Exercise aim: Each line starting at the one that contains "Kaffesked med färgad" and ending at the one that contains "دنبال آبیاری بالای" must be returned exactly, and the rest of the listing is left out.

Data for review:
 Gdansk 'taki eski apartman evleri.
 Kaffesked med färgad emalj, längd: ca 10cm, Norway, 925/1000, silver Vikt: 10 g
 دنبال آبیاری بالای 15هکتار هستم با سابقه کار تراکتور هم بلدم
...
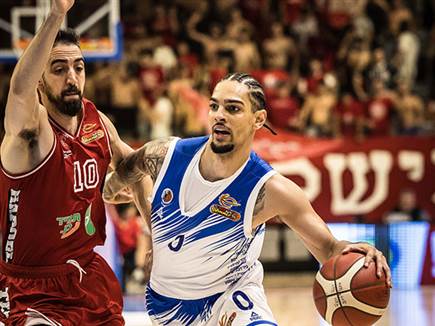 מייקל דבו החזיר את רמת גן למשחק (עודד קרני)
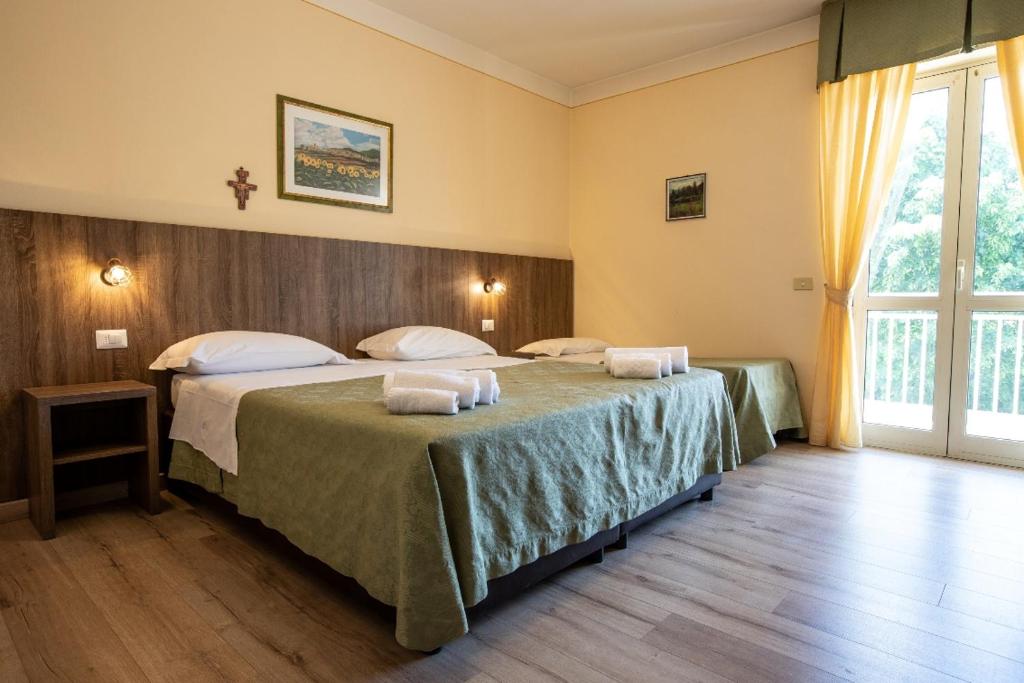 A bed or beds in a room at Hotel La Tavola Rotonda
---
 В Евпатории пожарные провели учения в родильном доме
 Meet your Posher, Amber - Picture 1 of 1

Written answer:
 Kaffesked med färgad emalj, längd: ca 10cm, Norway, 925/1000, silver Vikt: 10 g
 دنبال آبیاری بالای 15هکتار هستم با سابقه کار تراکتور هم بلدم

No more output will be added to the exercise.